The man looked confused.  It was if he didn’t fully understand the question.  After a pause he said, “Jesus didn’t charge me or anyone else anything.  Everything he does is free.”

“What do you mean free?” exclaimed the incredulous bystander.  “What about your insurance, your co-pay, your deductible, Obama Care, the Affordable Care Act, the individual mandate, or out of pocket expenses?  Jesus can’t offer free health care.”

And yet he did.  Medical care to the physically and mentally ill was a huge portion of Jesus’ earthly ministry.   If he wasn’t preaching, Jesus was healing.  He never charged a shekel to cure anyone from an illness.  I can hear you now.  “Well, Richard, those times were different.”  And I’ll say, “Sisters and brothers in Christ; were people any less sick and needy?”  The human condition is what links us over time.  There may not have been HMO’s, insurance companies, the Affordable Care Act,  individual mandates, an idea called single payer health care, or medical care as we know it; but Jesus recognized the value of physical and spiritual well being.  It’s what he did everyday of his life.  The people who follow Christ have a responsibility to continue Jesus’ work of helping the most vulnerable and asking nothing in return.  This is how the Kingdom is built.

God’s emphasis on physical and spiritual wholeness is evident from the first pages of the Old Testament.  Jesus is continuing something that God started in Genesis.  This is who we are to be.  God charges no premiums, deductibles, or out of pocket expense for our welfare.  Even before the events at Easter, Jesus is here to say:  you’re covered.

The second half the passage undergirds, in a powerful way, the meaning of the first.  First we’re told, God’s kingdom is coming in the here and now and God’s people will be restored, made whole and healed in the here and now, not in some far off heavenly reality.  On a street corner in Capernaum, in the front room of Peter’s mother-in-law’s house, Heaven has arrived.

We’re told something new.  Spiritual health is integral to the Kingdom of God.  Again, Mark is painting a picture of how Jesus operates and asking, “Can you do this, just this?”  “Can you emulate Jesus at this basic level?”

We’ve seen how Jesus keeps a pretty busy schedule.  Imagine seeing sick and mentally ill patients all day and night, for hours on end.  At some point, even Jesus needs a break, time to reconnect with God.  From the beginning of his ministry to his last day on Earth, Jesus demonstrates a need for quiet time and being alone with God.  In other words, Jesus has an active prayer life.  This shouldn’t come as a shock to anyone.  Mark is not telling us this story because it paints an inspirational picture; like those of Jesus praying in the Garden of Gethsemane.  We’re not supposed to step back from this reading of this Sunday and say, “look how holy Jesus was, isn’t he special, I bet his mother was so proud of him.”  That’s not what this is about.  This is a message.  Jesus is role-modeling how to be a follower of God in a busy and overwhelming world like his and ours.  Disciples of Jesus, we need to learn, do the things he does:  helping, healing, and praying.  It’s not a pick and choose sort of and existence.

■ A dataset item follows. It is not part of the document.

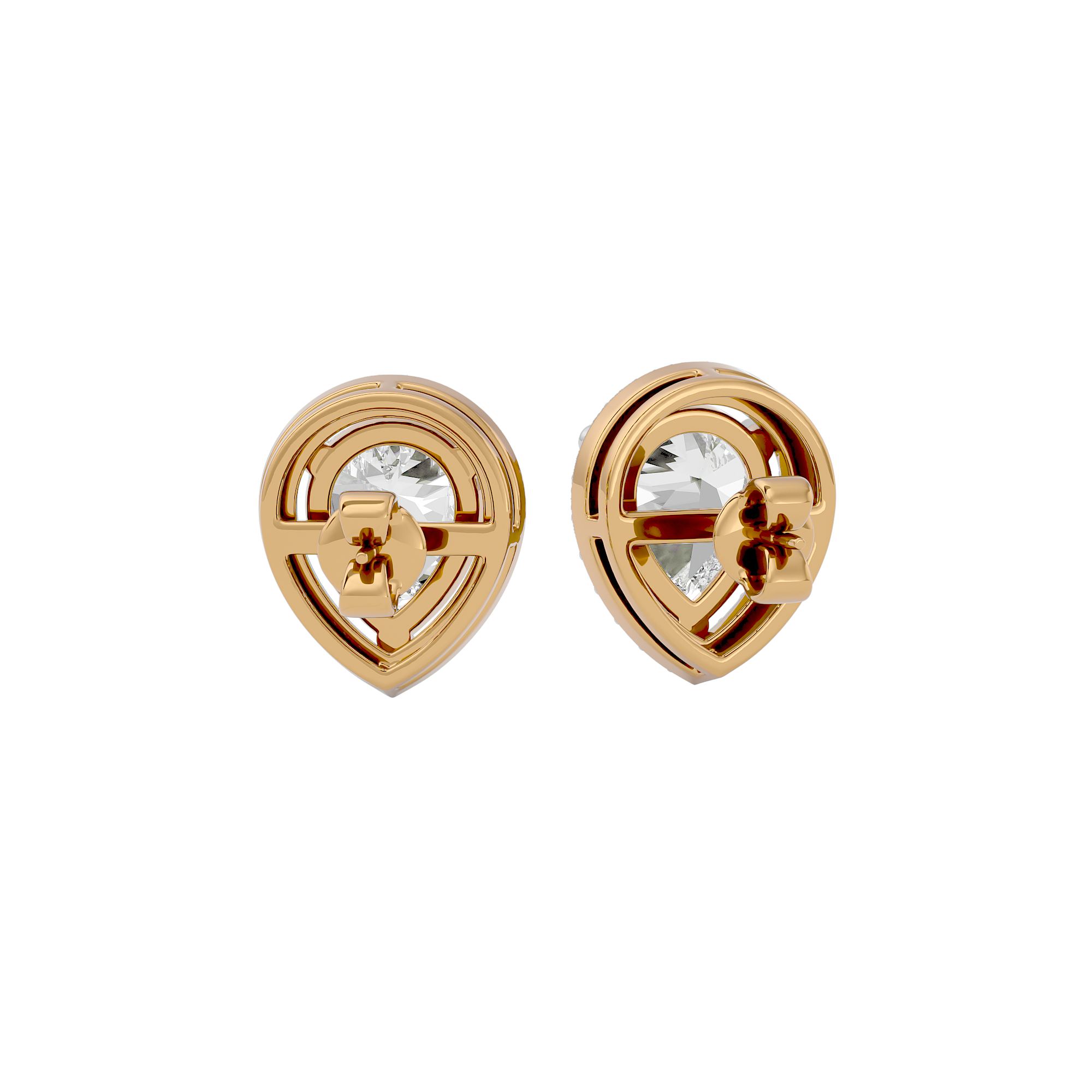 4 ct Pear halo studs - Basket setting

We can be who Jesus intended us to be.  There is no trick, equation to master, or seminar to attend.  The challenge is to do what Jesus does; not to extrapolate what he might do.  If we read Mark and the other gospels, listen to what Jesus says, observe his words and actions, and emulate those in our own life; the divergence between where we’ve ended up and where we started will narrow quickly.  Remember what he told his disciples in the last meal they shared together before his death:  gather, talk, share, and do these things in remembrance of me.  It doesn’t get any plainer than that.